Allocations when constructing a matrix from columns

Hey all!

I’m constructing a matrix from another matrix like this:

shapematrix(xs) = [xs[:,1].-xs[:,4]  xs[:,2].-xs[:,4]  xs[:,3].-xs[:,4]]

This is somewhat in an inner loop of my program, and I would like to reduce the number of allocations happening. @time reports that there are 13 allocations here, when I would think a single one would be sufficient, and it seems no matter how I rewrite the function, the number of allocations is always in the double digits.

Is there a way of writing this that makes Julia be a little more clever about it memory management?

I’m also using Zygote.jl, which doesn’t support mutating Arrays, so I can’t make a zero array and fill in the entries afterwards.

I’m new-ish to Julia, so maybe there’s something obvious going on here?

Note first that you can use broadcasting to rewrite this:

shapematrix2(xs) = xs[:, 1:3] .- xs[:, 4]

In order to reduce allocations, you can use views:

shapematrix3(xs) = @views xs[:, 1:3] .- xs[:, 4]

Let’s benchmark, and remember to use BenchmarkTools for this, not the @time macro, although the allocation results look similar:

julia> X = rand(1000, 4);

julia> @btime shapematrix($X);
  11.534 μs (14 allocations: 95.05 KiB)

julia> @btime shapematrix2($X);
  5.226 μs (5 allocations: 54.97 KiB)

julia> @btime shapematrix3($X);
  1.895 μs (4 allocations: 23.63 KiB)
3 Likes

I haven’t used Zygote, but this sounds odd. All of these array operations initialize arrays and then modify them afterwards, even if you don’t see it explicitly in the top-level code.

Thanks! I’ve tried to use views before, but for each column and as written in the OP, and this didn’t help anything so I figured that wasn’t the problem.

I’d still like not to use broadcasting excessively, since I find it utterly unreadable, but it’ll do for now.

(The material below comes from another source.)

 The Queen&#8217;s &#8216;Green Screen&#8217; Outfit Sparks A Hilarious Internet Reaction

I don’t know anything about Zygotes internals, but an educated guess is that if only internal procedures do the mutation then Zygote has a well defined boundary where it can reason about the operations done to the matrices and calculate gradients based on that.

I know for a fact that the mutation doesn’t work, because if you try you get the error ERROR: Mutating arrays is not supported :smile:

Really? It exists to make code easier to read and write, that’s sort of the point. Comparing

[xs[:,1].-xs[:,4] xs[:,2].-xs[:,4] xs[:,3].-xs[:,4]]
# and 
xs[:, 1:3] .- xs[:, 4]

I find the former really hard to read, and the latter very clear.

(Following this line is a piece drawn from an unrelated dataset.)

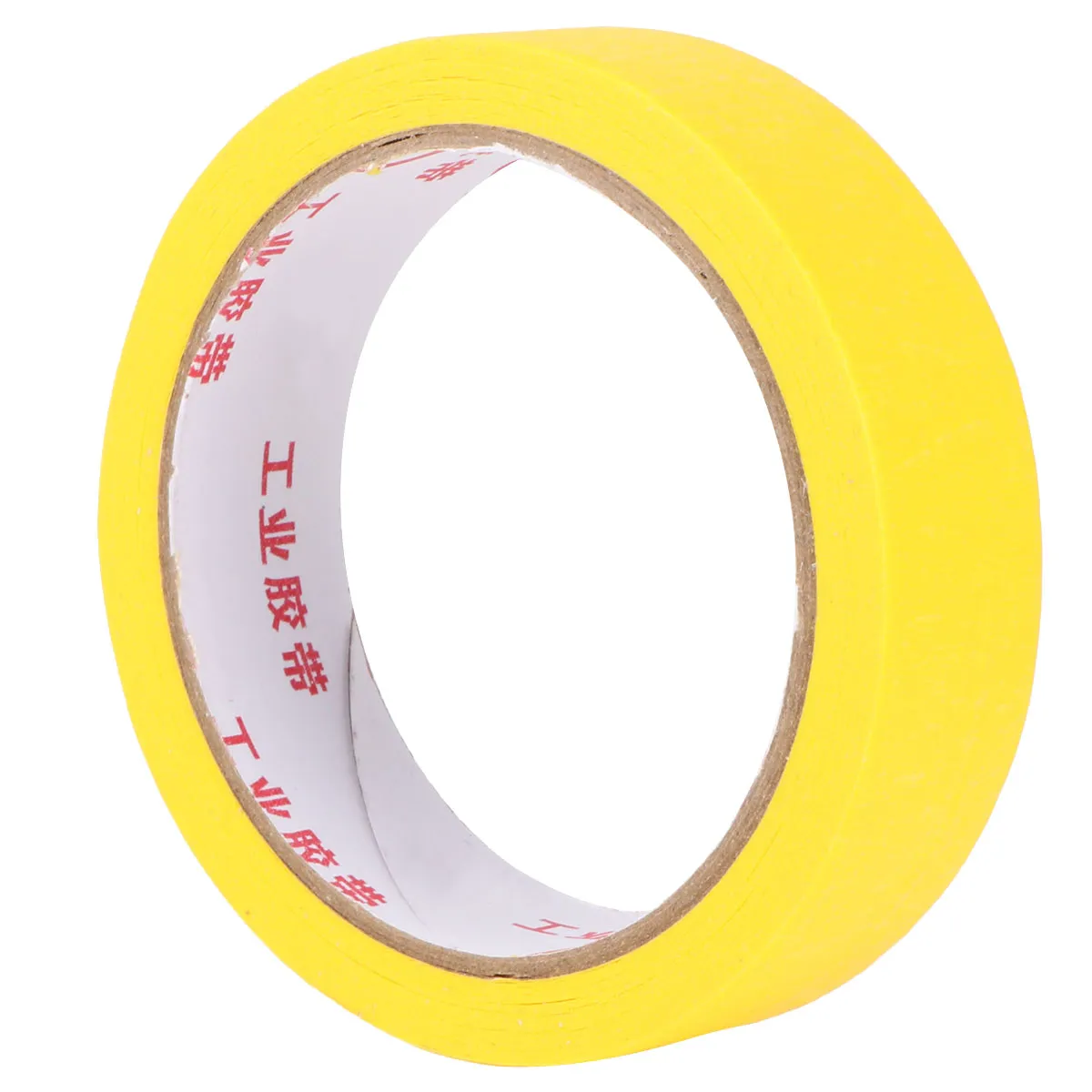 고무색분리마크테이프 마스킹테이프 노란색 고온내열성 UV방지 롱사이즈 실내외..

(Stream of consciousness: “The first line is, hmm a jumble of expressions, oh, it’s horizontal concatenation. And it’s hard to see the pattern, because the indices are jumping, and oh, it’s minus between each term, is it? yes, and 1, 4, 2, something, oh, 1,4,2,4,3,4, ah, 1,2,3 minus the fourth. ok.” The latter is just “Subtract the 4th column from the other three.”)

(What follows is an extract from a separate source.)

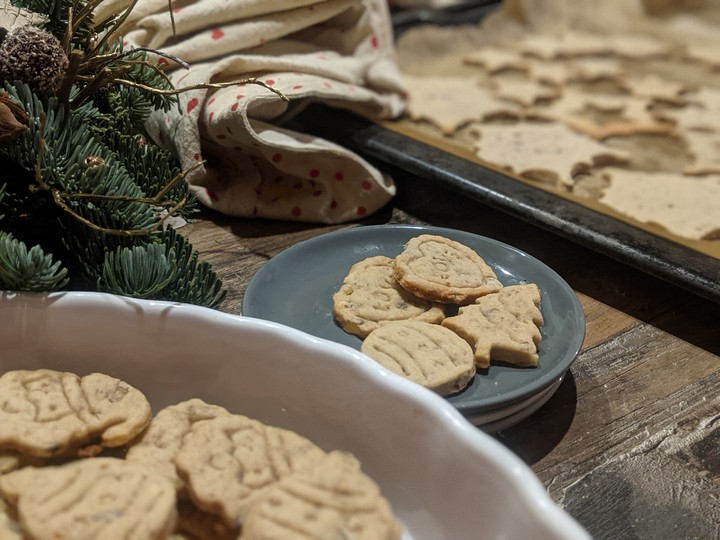 christmas cookies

I’d be interested in hearing what you don’t like about it. Maybe there’s some little mental block that can be cleared?

1 Like

In addition to @DNF’s excellent suggestions, if this is really a bottleneck in your code then you could write a micro-optimized mutating version and then define the adjoint manually. See the Zygote manual for details. (I am just pointing out the technical possibility, but I would guess that it is overkill here).

That said, if you are new to Julia then focusing on allocations like this may not be the best allocation (heh) of your time.

It’s shorter, no doubt, but it’s also way denser. Originally, I wrote out the 9 terms without any use of :, and I think that’s the way I ultimately prefer, but I had to go back and forth a bit, in case there were some performance tricks that would only happen with a specific syntax (and wouldn’t you know!)

Here’s my stream of consciousness:

[ xs[1,1]-xs[1,4]  xs[1,2]-xs[1,4]  xs[1,3]-xs[1,4] ;
  xs[2,1]-xs[2,4]  xs[2,2]-xs[2,4]  xs[2,3]-xs[2,4] ;
  xs[3,1]-xs[3,4]  xs[3,2]-xs[3,4]  xs[3,3]-xs[3,4] ]

oh, it’s a 3x3 matrix, and A[i,j] = …uuh lets see … xs[i,j] - xs[i,4].

[xs[:,1].-xs[:,4] xs[:,2].-xs[:,4] xs[:,3].-xs[:,4]]

Okay so it’s an array, and the elements are, oh no wait, xs[:,1] is a vector, so we’ll end up with a matrix where … uuh … the vectors here become the columns?, and then we broadcast xs[:,4] which is also a vector, so the broadcasting is really just element wise, okay.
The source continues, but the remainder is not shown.